4 thoughts on “Where are the “Old-Timers” of Science Today?”

  1. I like how you compare religions and governments to institutions. It is interesting to think of them in such terms. The point you bring up about the main function of an institution is keeping themselves alive is intriguing and I would like to learn more about it. Did your class cover the main steps institutions will employ to keep themselves functioning? I like what you said about the need for a more holistic view of the sciences. It reminds me of a meme I saw the other day about scientists opinion of philosophy. One one side are all the great historical scientists saying they think a philosophical perspective is invaluable. On the other side it was the pop scientists of our time saying they think it is a waste of time. It makes me sad to think that people don’t consider questioning their surroundings important.

  2. I like your point about the importance of inter-disciplinary study in coming years. I think that if scientists (or doctors, engineers, psychologists, CEOs, historians, artists, etc) look beyond their field and consider what’s going on outside of their specialization, everyone benefits because that knowledge and those resources get spread to others and passed down to the next generation. I think maybe one of the reasons Priestly was so successful was because he wasn’t just a scientist or an engineer; he was also a theologian, philosopher, educator, and political theorist. But I suppose the argument “well where does it end?” could also be made. For example, is it better to have a specialized skill? Or to be a jack-of-all-trades? I wonder if Priestly had mastered all these topics which lead to his discoveries.

  3. While I don’t disagree that having interdisciplinary knowledge is important, I feel that there is more to Priestley than that. Priestley’s form of science was one that lead to the detection of anomalies. Such anomalies helped paint a bigger picture, and potentially showed issues with the current way of thinking. He most likely would not have made the discoveries he did without his interdisciplinary nature, but, I think it is also important to consider the tools he used for his science. He had access to cutting edge tools and the free time he needed to use them. Essentially, he happened to be the right man at the right place with the right tools and the right connections.
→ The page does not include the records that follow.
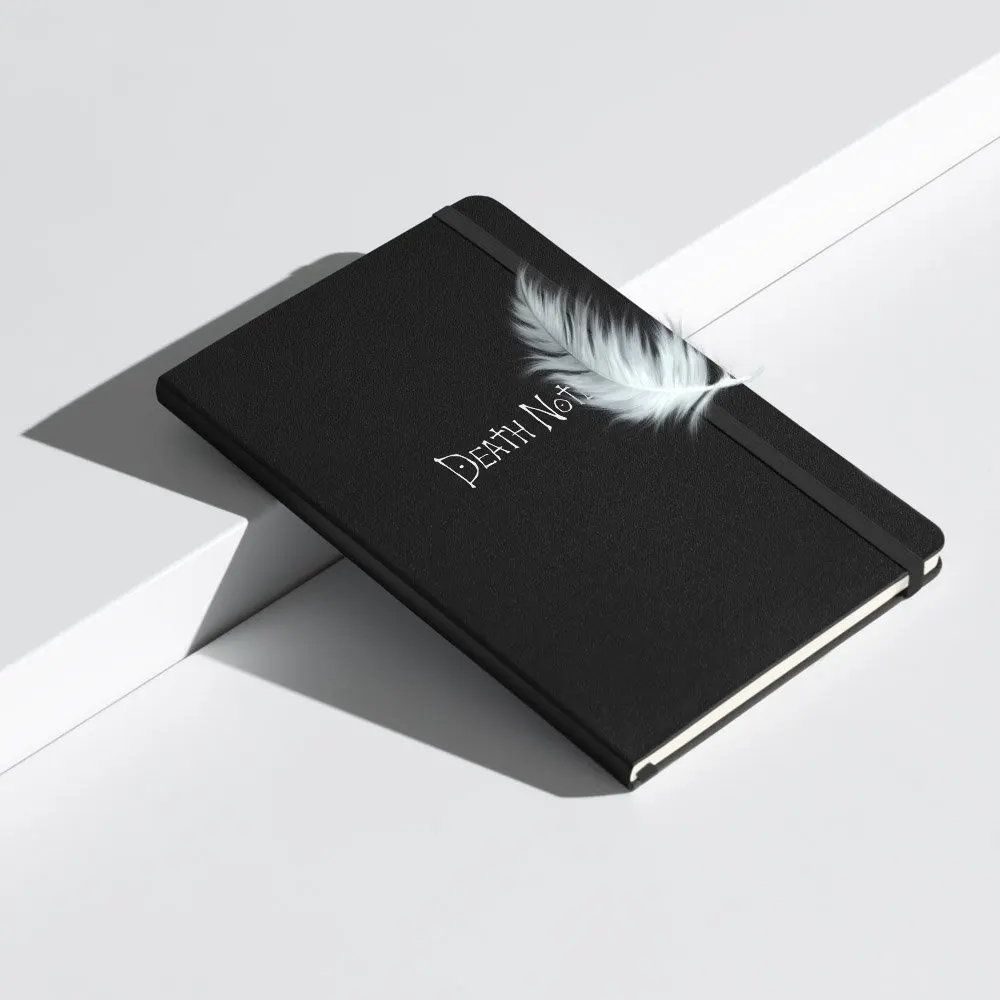 Japanese anime Black hardcover bound notebook Custom logo blank leather journals cover planner death note book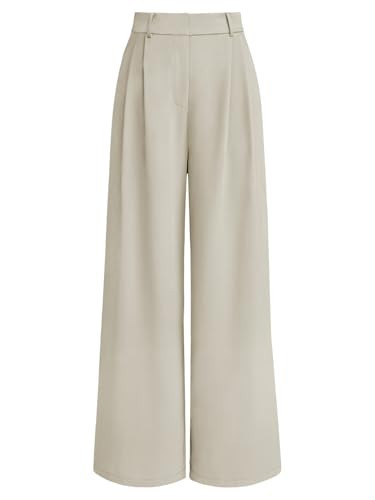 LILLUSORY Womens Dress Pants Khaki Wide Leg Hight Waisted Work Comfortable Pleated Straight Travel Loose Palazzo Trousers LightKhaki M | Amazon (US)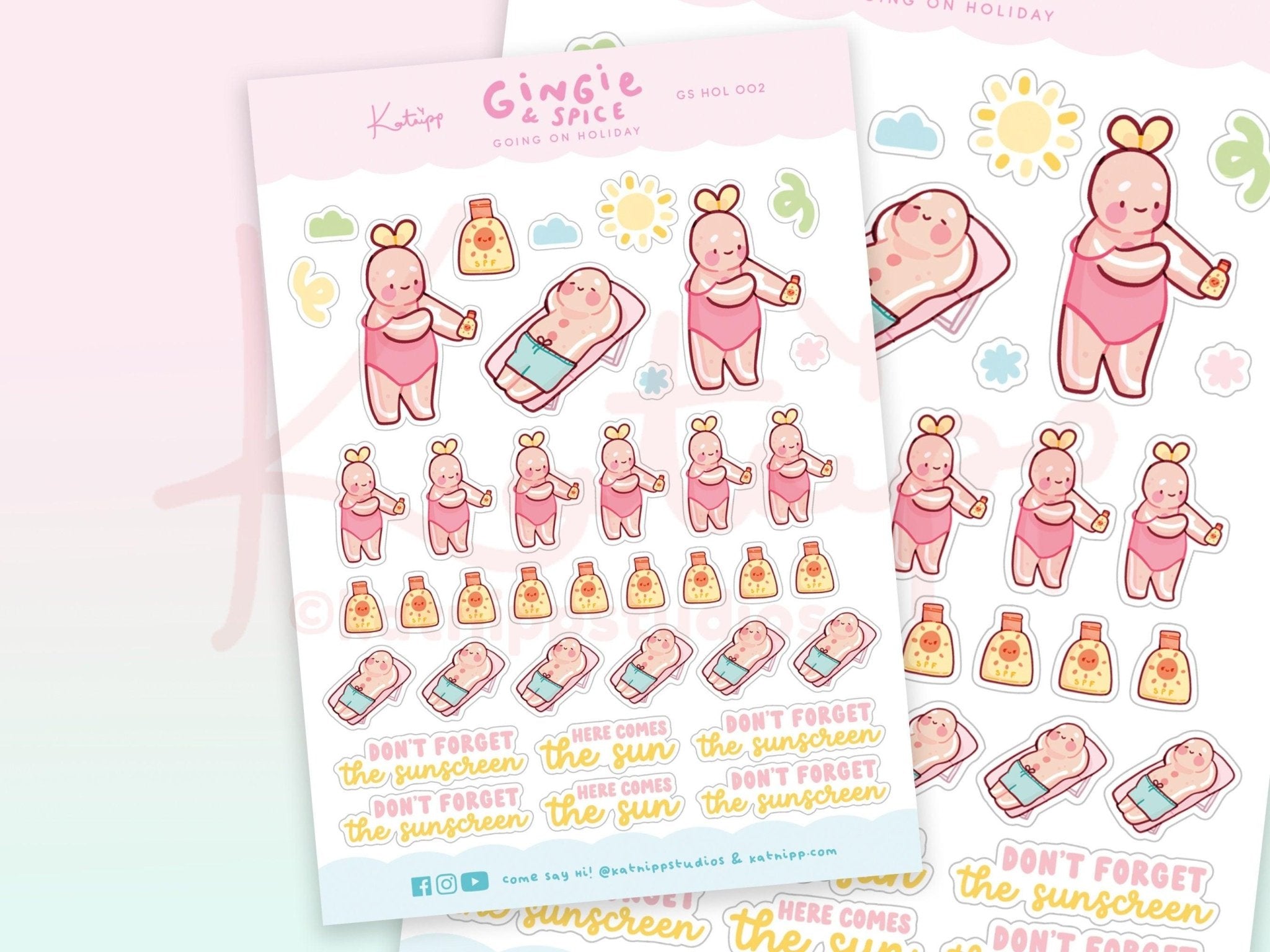 Gingie & Spice Summer Stickers | Kawaii Holiday Planner Stickers | GS HOL002 Katnipp character product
  4. I enjoyed how you described them as institutions, this is a very cohesive way to categorize them. This quote perfectly displays your idea and I could not agree more “From another class I am taking, we have been talking about how the primary goal of an institution is for it to continue survive to exist. New developments, progress and a change in status quo tend to challenge the authority of such an institution. It all comes down to power and how those who have it, rarely like to give it up.” I agree that institutions primary focus is to gain and maintain power.